[Start of section]
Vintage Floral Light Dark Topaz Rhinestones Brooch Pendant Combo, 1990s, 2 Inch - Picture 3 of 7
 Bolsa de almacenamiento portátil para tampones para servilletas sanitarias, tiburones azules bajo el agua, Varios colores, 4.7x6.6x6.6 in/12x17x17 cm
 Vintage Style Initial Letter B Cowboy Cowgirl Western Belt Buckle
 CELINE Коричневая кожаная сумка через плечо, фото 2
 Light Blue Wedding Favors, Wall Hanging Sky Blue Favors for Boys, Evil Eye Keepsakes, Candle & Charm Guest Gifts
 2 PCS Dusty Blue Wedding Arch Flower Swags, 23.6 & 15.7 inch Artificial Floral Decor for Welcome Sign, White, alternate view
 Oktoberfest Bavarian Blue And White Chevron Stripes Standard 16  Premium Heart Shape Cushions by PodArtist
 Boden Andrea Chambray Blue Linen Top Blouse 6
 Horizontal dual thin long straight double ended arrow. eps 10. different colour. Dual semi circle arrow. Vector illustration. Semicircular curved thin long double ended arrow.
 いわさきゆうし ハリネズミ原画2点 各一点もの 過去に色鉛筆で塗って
[End of section]
Task requirements >> Copy, please, every line from the start of the entries down to the line that holds "Light Blue Wedding", with both of those lines included and no others.

Your response >>
Vintage Floral Light Dark Topaz Rhinestones Brooch Pendant Combo, 1990s, 2 Inch - Picture 3 of 7
 Bolsa de almacenamiento portátil para tampones para servilletas sanitarias, tiburones azules bajo el agua, Varios colores, 4.7x6.6x6.6 in/12x17x17 cm
 Vintage Style Initial Letter B Cowboy Cowgirl Western Belt Buckle
 CELINE Коричневая кожаная сумка через плечо, фото 2
 Light Blue Wedding Favors, Wall Hanging Sky Blue Favors for Boys, Evil Eye Keepsakes, Candle & Charm Guest Gifts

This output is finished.